**DIRECTIONS FOR THIS TASK:** The records should be written out in full, with nothing altered.

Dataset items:
....
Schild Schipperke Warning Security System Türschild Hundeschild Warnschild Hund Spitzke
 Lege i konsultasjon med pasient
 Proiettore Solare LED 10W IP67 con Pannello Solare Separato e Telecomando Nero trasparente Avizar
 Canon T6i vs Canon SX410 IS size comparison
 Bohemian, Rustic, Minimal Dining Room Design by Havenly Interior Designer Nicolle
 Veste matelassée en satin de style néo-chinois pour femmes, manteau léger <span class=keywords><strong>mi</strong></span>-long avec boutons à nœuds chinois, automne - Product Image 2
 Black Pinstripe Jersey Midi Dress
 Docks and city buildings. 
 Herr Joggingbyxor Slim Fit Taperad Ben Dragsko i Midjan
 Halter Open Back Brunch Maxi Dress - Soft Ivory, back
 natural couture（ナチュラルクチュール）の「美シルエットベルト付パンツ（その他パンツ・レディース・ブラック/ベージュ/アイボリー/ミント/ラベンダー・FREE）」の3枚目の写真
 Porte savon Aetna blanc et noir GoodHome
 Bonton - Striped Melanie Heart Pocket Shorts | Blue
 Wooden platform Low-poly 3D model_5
....
**REPLY TO THE EXERCISE:**
Schild Schipperke Warning Security System Türschild Hundeschild Warnschild Hund Spitzke
 Lege i konsultasjon med pasient
 Proiettore Solare LED 10W IP67 con Pannello Solare Separato e Telecomando Nero trasparente Avizar
 Canon T6i vs Canon SX410 IS size comparison
 Bohemian, Rustic, Minimal Dining Room Design by Havenly Interior Designer Nicolle
 Veste matelassée en satin de style néo-chinois pour femmes, manteau léger <span class=keywords><strong>mi</strong></span>-long avec boutons à nœuds chinois, automne - Product Image 2
 Black Pinstripe Jersey Midi Dress
 Docks and city buildings. 
 Herr Joggingbyxor Slim Fit Taperad Ben Dragsko i Midjan
 Halter Open Back Brunch Maxi Dress - Soft Ivory, back
 natural couture（ナチュラルクチュール）の「美シルエットベルト付パンツ（その他パンツ・レディース・ブラック/ベージュ/アイボリー/ミント/ラベンダー・FREE）」の3枚目の写真
 Porte savon Aetna blanc et noir GoodHome
 Bonton - Striped Melanie Heart Pocket Shorts | Blue
 Wooden platform Low-poly 3D model_5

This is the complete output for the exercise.